→ Work task
Reproduce each line below precisely. Drop the pictures.

→ The data
----

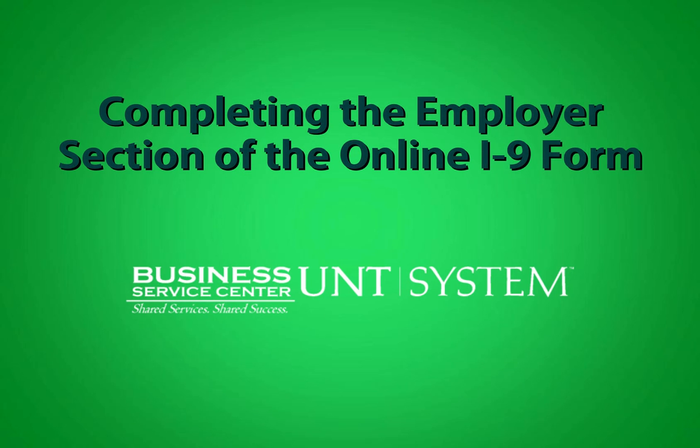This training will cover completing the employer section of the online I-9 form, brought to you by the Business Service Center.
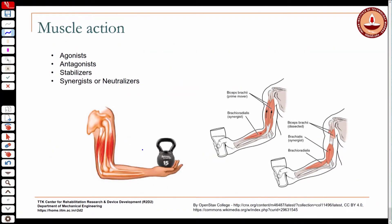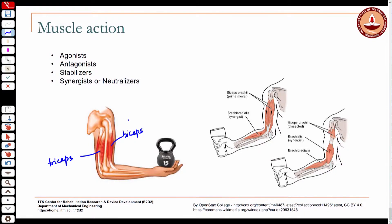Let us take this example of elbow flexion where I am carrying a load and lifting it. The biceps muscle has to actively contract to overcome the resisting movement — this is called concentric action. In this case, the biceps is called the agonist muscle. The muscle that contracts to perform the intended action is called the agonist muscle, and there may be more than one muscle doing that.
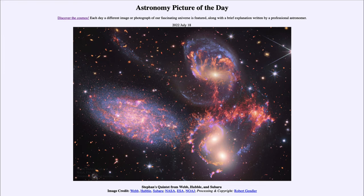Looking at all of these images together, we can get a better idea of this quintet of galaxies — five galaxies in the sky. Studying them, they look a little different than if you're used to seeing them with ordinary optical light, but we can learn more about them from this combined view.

----

→ Task result
This training will cover completing the employer section of the online I-9 form, brought to you by the Business Service Center.
Let us take this example of elbow flexion where I am carrying a load and lifting it. The biceps muscle has to actively contract to overcome the resisting movement — this is called concentric action. In this case, the biceps is called the agonist muscle. The muscle that contracts to perform the intended action is called the agonist muscle, and there may be more than one muscle doing that.
Looking at all of these images together, we can get a better idea of this quintet of galaxies — five galaxies in the sky. Studying them, they look a little different than if you're used to seeing them with ordinary optical light, but we can learn more about them from this combined view.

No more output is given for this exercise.